--- Aim of the task ---
Return every record below exactly; leave out the images.

--

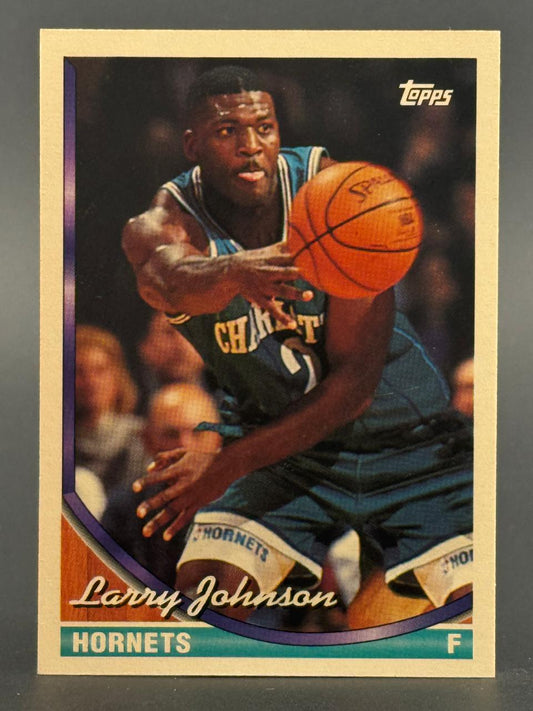 1992-93 Topps Larry Johnson trading card #193, depicting him passing a basketball in a Hornets uniform.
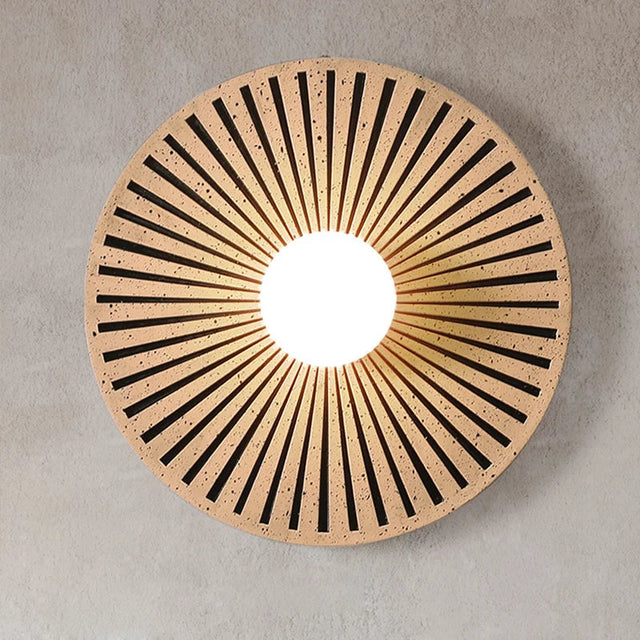 Round wooden coaster with sunburst pattern on a gray background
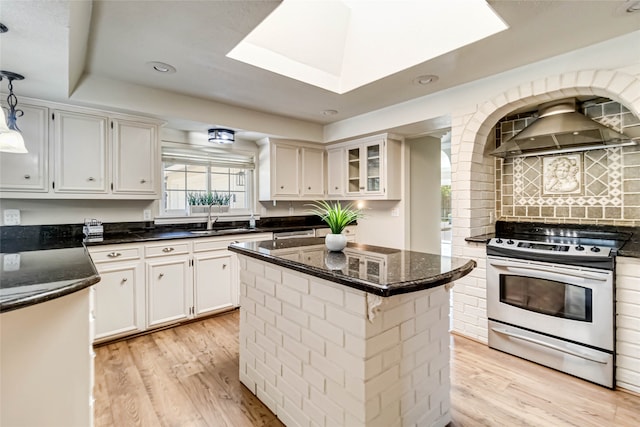 kitchen featuring stainless steel range oven, a center island, wall chimney exhaust hood, pendant lighting, and white cabinets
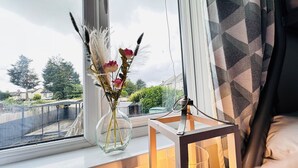 A window with a vase of flowers and a candle holder on a windowsill. - Pengam House (Cardiff)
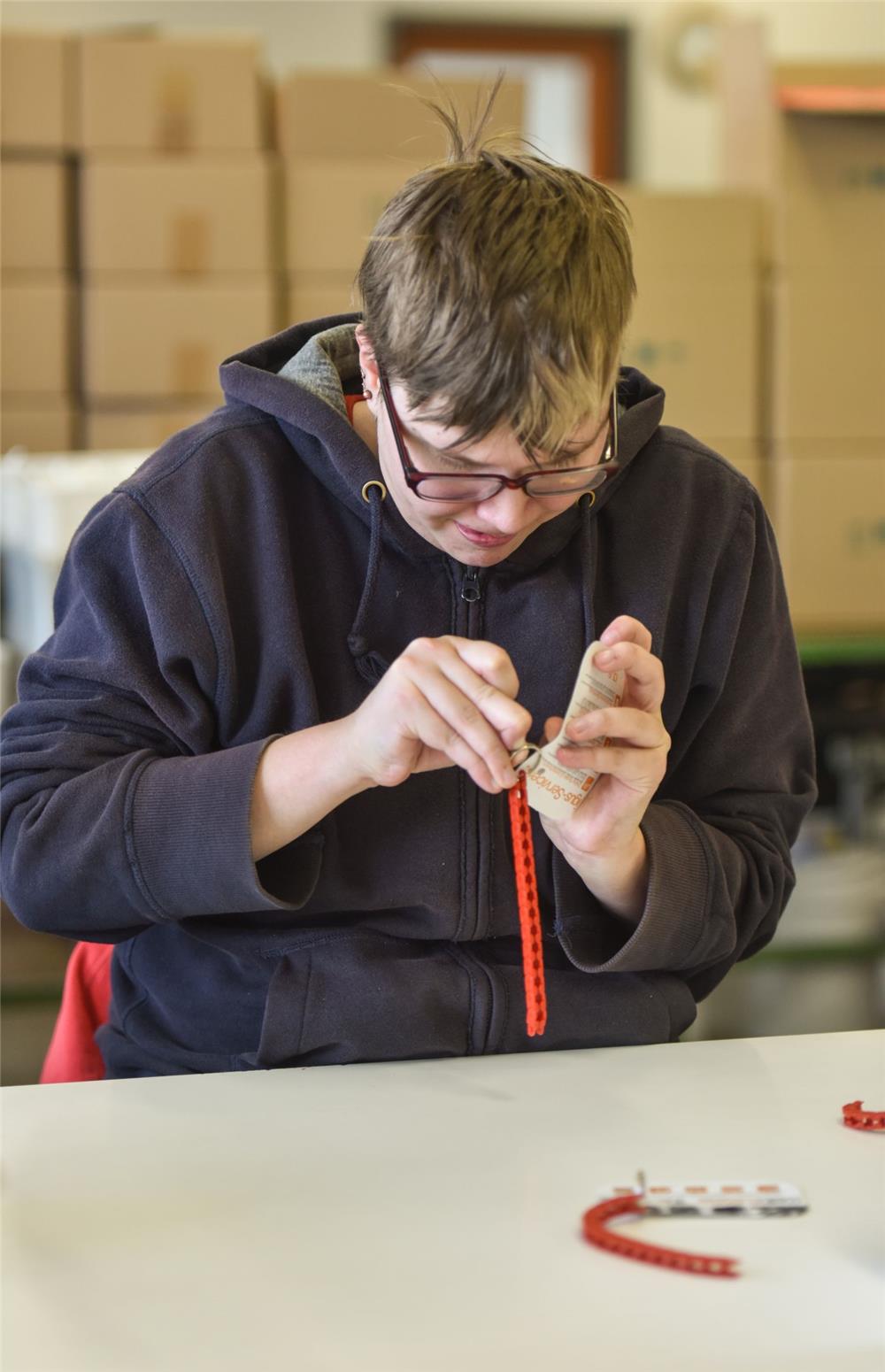 Eine junge Frau arbeitet in einem Beschäftigungsprojekt beziehungsweise einer Werkstatt für Menschen mit Behinderung.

--

--- Result of this exercise ---
 1992-93 Topps Larry Johnson trading card #193, depicting him passing a basketball in a Hornets uniform.
 Round wooden coaster with sunburst pattern on a gray background
 kitchen featuring stainless steel range oven, a center island, wall chimney exhaust hood, pendant lighting, and white cabinets
 A window with a vase of flowers and a candle holder on a windowsill. - Pengam House (Cardiff)
 Eine junge Frau arbeitet in einem Beschäftigungsprojekt beziehungsweise einer Werkstatt für Menschen mit Behinderung.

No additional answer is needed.